Putin: Russia's ban on Western foods will last 'as long as possible'
Russian President Vladimir Putin said the country's reciprocal measures in the form of an embargo on certain western food products are good for Russia’s economy and should last "as long as possible."
Admitting that his statement might seem “totally unexpected” for some, Putin explained that the ban is also in the consumers’ interest, with good quality products at lower prices becoming more available.
“We must create viable conditions,” he said, speaking at an ‘Action Forum’ of the All-Russia People's Front on Tuesday.
Russia’s agricultural production has been given a boost in the wake of deteriorating relations with the West. After the anti-Russia sanctions were introduced in 2014 over the Ukrainian crisis and Moscow’s alleged role in it, Russia banned imports of certain foods from a number of Western states.
“We really did it responsibly and, in fact, used the short-sighted decisions that had been applied in regard to our country by our so-called partners, who introduced the sanctions,” Putin said, stressing that Russia's counter measures were also meant to protect its domestic market.

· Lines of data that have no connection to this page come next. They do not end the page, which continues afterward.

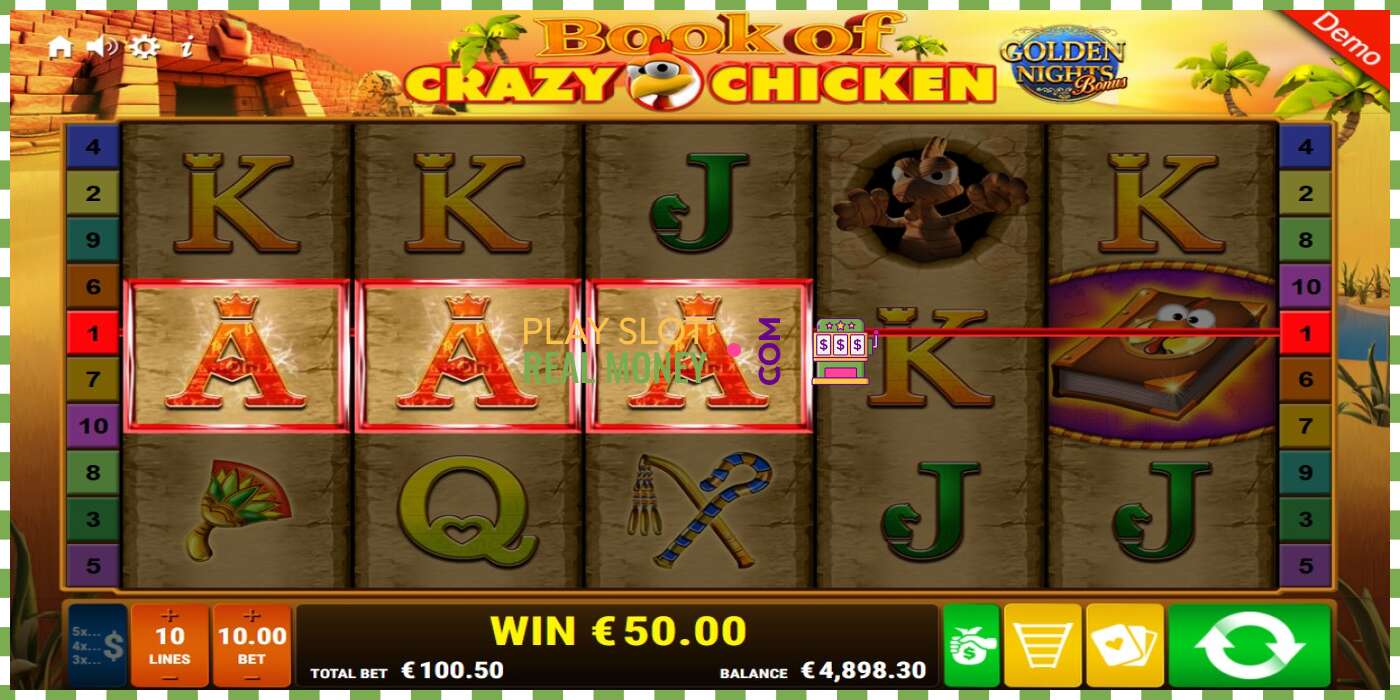 Slot Book of Crazy Chicken Golden Nights haqiqiy pul uchun, rasm - 3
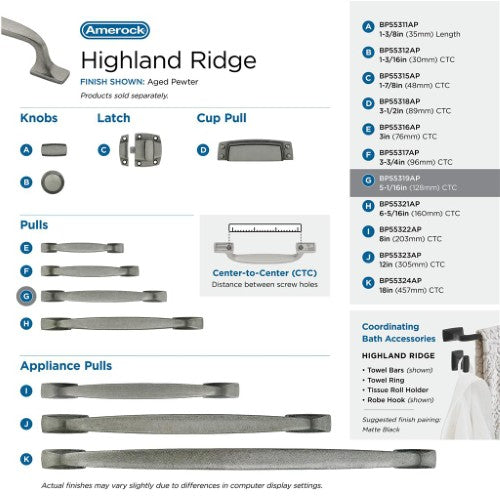 Highland Ridge Zinc Aged Pewter Cabinet Pull 15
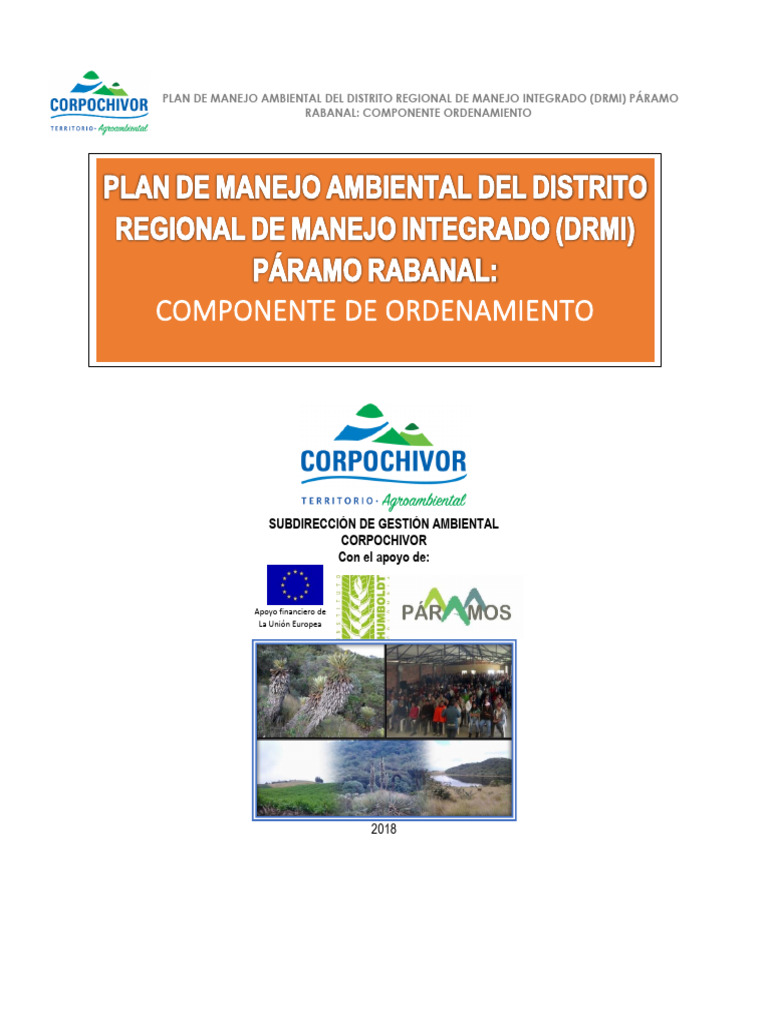 Plan de Manejo Ambiental Del Distrito Regional de Manejo Integrado ...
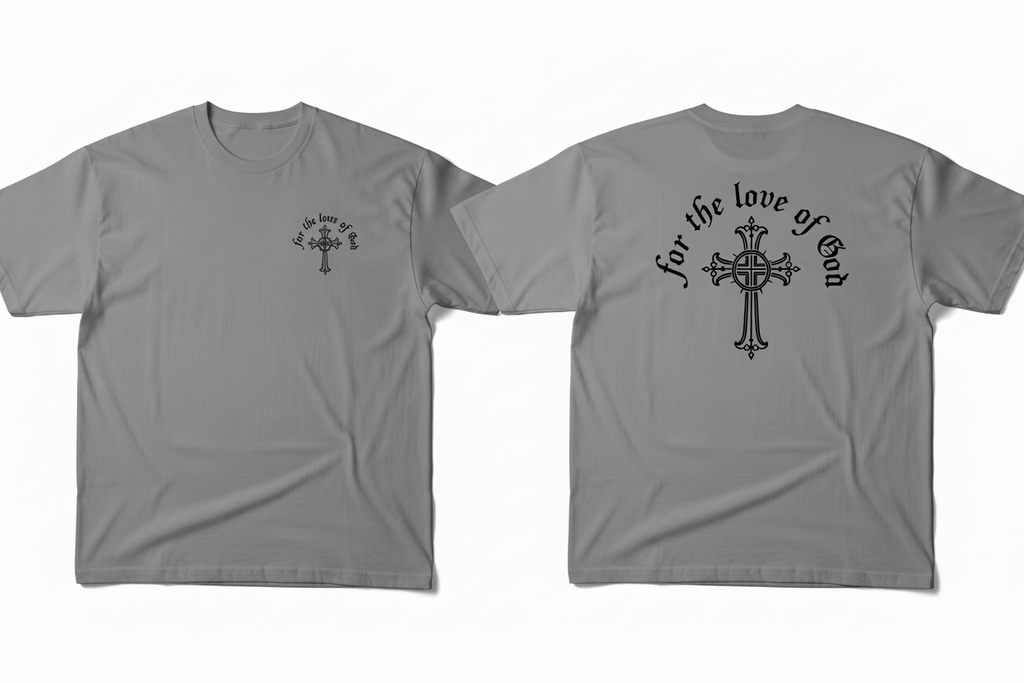 Wolf gray colored t-shirt with black logo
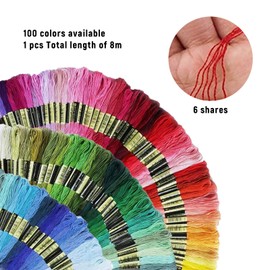 Embroidery Thread Set 100 Colours, Embroidery Thread for Cross Stitch Thread, Rainbow Colour, Embroidery Floss, Cotton Bracelet Thread, Cross Stitch Threads for Embroidery, Sewing, Craft, Embroidery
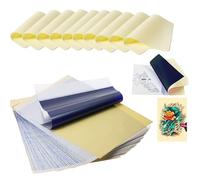 FONPOO 20 Fogli di Carta per Trasferimento di Tatuaggi e 10 Pezzi di pelle transfer in silicone per tatuaggi, Set di Pelle Sintetica Tattoo e Carta Transfer per Tatuaggi, Accessori per Tatuaggi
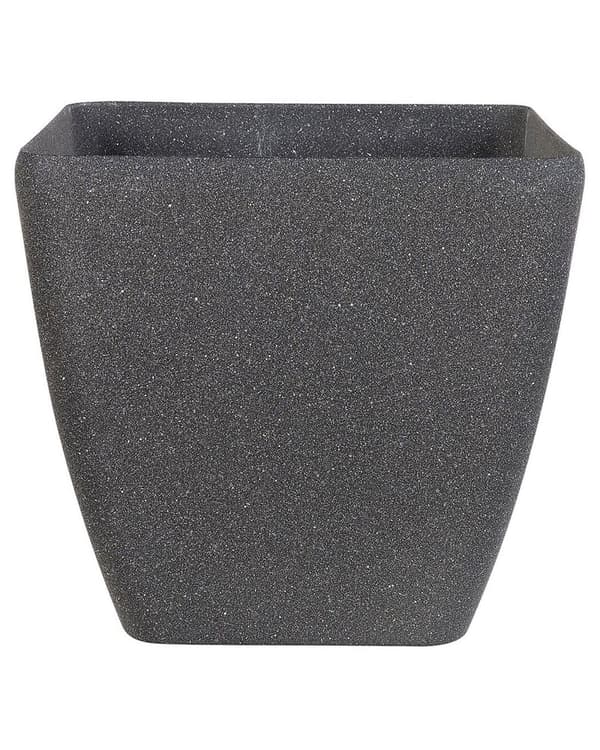 Sæt med 2 Urtepottekummer Massiv Mørkegrå Stenblanding Polyresin Firkantet 34 x 34 cm UV-resistent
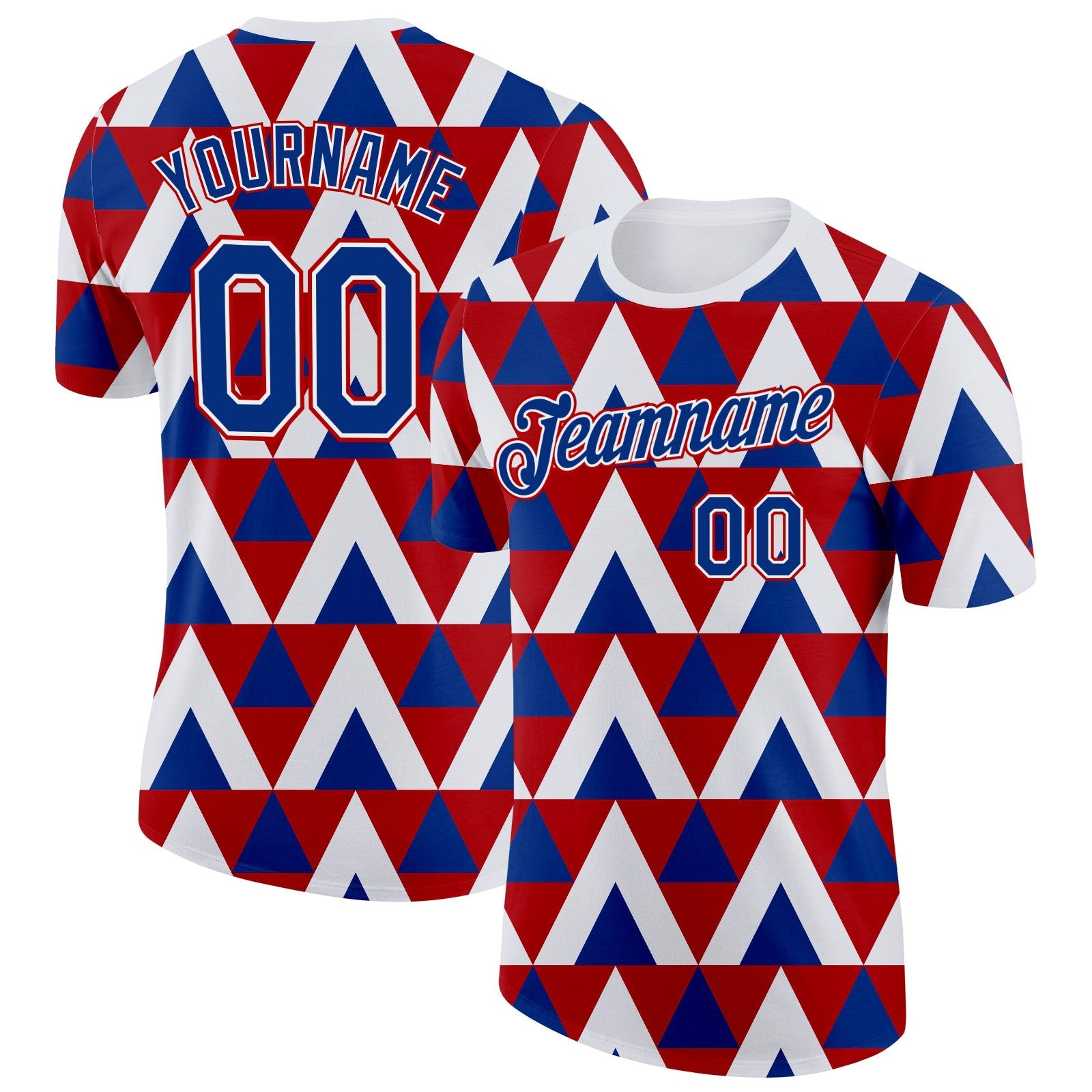 Custom Royal White-Red Norway Geometric Performance T-Shirt - Main View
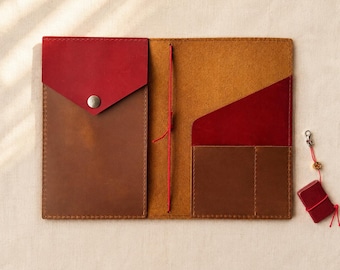 Funda de cuero personalizada para cuaderno, funda estándar para cuaderno de viaje TN, cuaderno de cuero a medida, cuaderno TN recargable con bolsillo a presión y ranuras para tarjetas.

In June, the Russian president signed a decree that prolongs economic sanctions on some Western products until the end of 2017. The ban on certain agricultural products, raw materials, and food imports from countries that support anti-Russian sanctions followed the EU's move to formally extend their own restrictions against Moscow.
A number of Western officials have opposed the economic stand-off with Russia, warning their governments that it is their own economies that suffer. While protests have been staged in some European countries, including farmers opposing the ban on selling their products to Russia, some European policymakers and businesses have become increasingly skeptical about the effectiveness of the sanctions.
The measures have proven to be politically ineffective and economically harmful for both Russia and Europe, they claim.
Italy has been among the EU countries most often calling for the removal of the sanctions, citing the harm to its own economy. Last week, Italian MP Paola Carinelli said her country “lost as much as €7 billion ($7.4 billion) since the beginning of sanctions,” while several thousands have lost their jobs.